#### Data shown:
━━━━
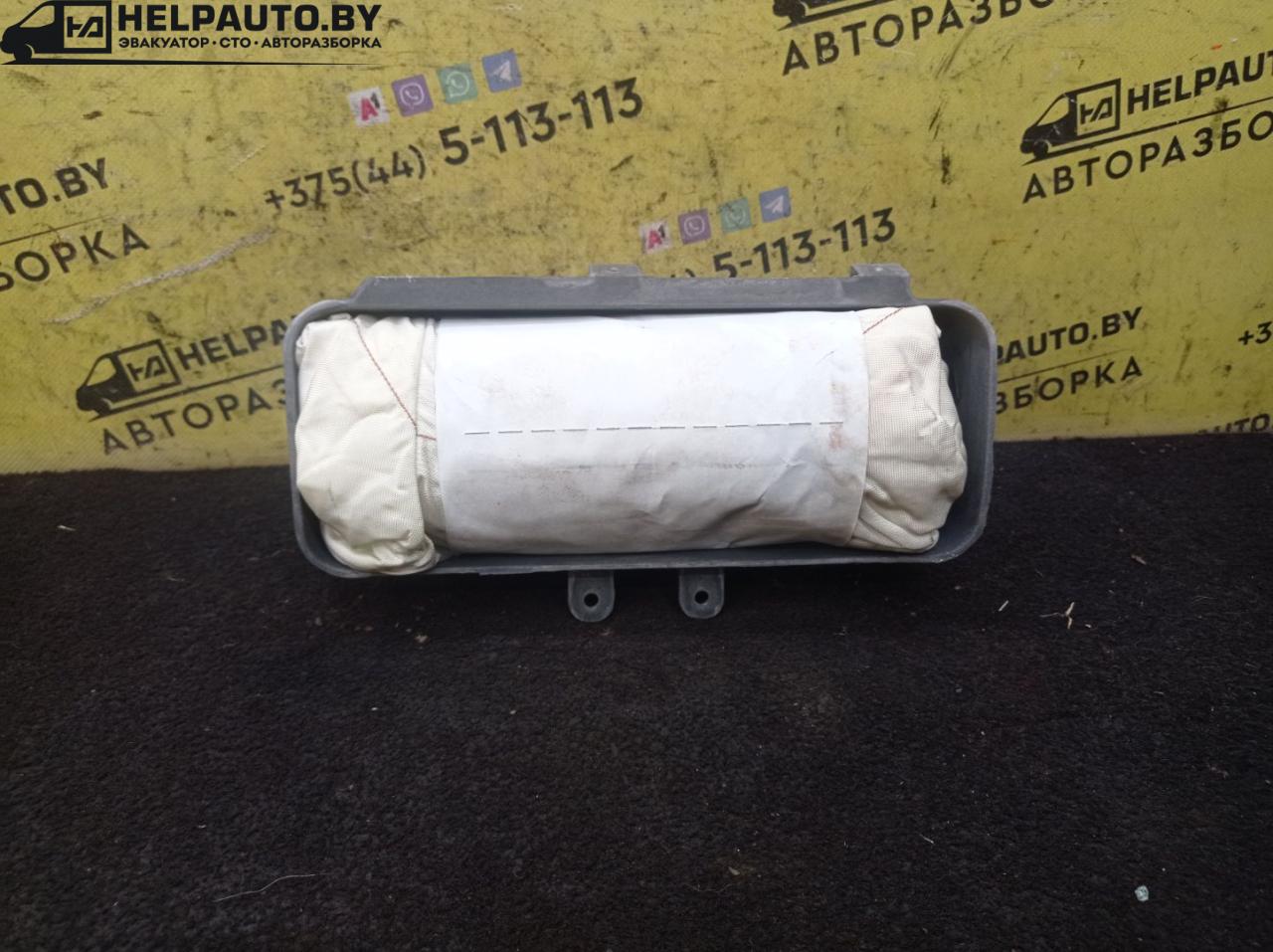 подушка безопасности пассажира Chrysler Voyager 3 поколение 1997, 2.4 л., EDZ, бензин, АКПП, зеленый, минивэн, передний привод - фото №1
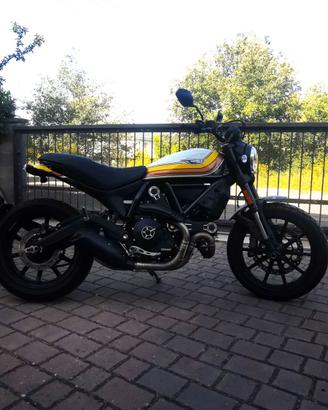 Ducati Scrambler Mach 2.0  solo 2.300 km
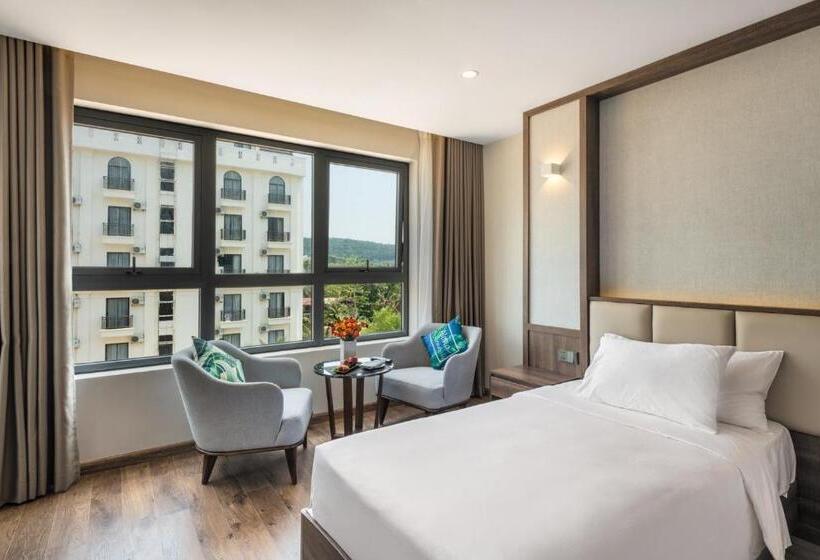 اتاق لوکس با تخت بزرگ, Sunset Beach Resort And Spa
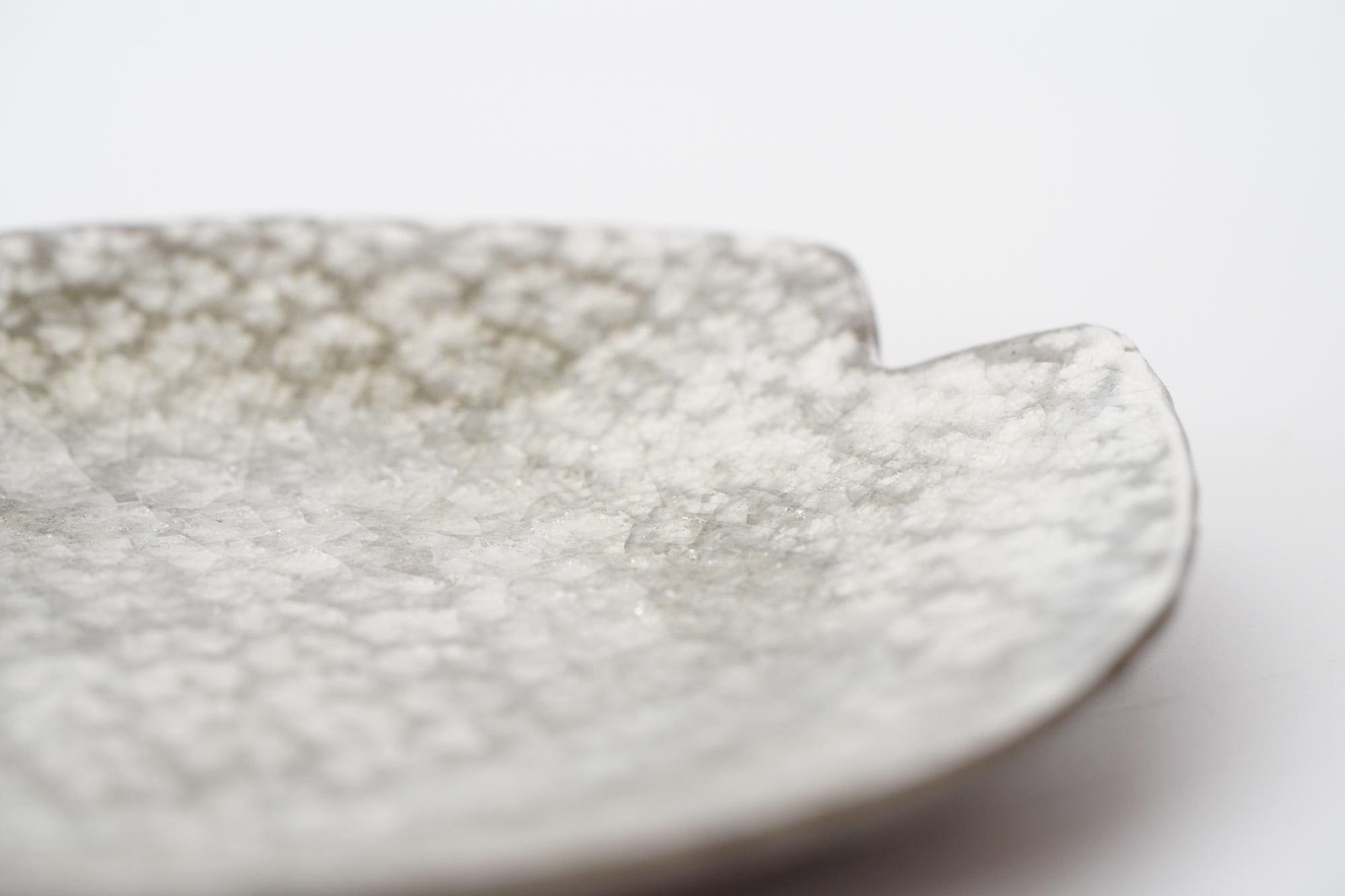 【Hideki Yamamoto】Glass glazed Mishima-de Flower petal-shaped plate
━━━━
#### Assignment:
Now repeat exactly the lines from the one with "Ducati Scrambler Mach" through the end of the listing above, both included, omitting all pictures.

#### Result of the task:
 Ducati Scrambler Mach 2.0  solo 2.300 km
 اتاق لوکس با تخت بزرگ, Sunset Beach Resort And Spa
 【Hideki Yamamoto】Glass glazed Mishima-de Flower petal-shaped plate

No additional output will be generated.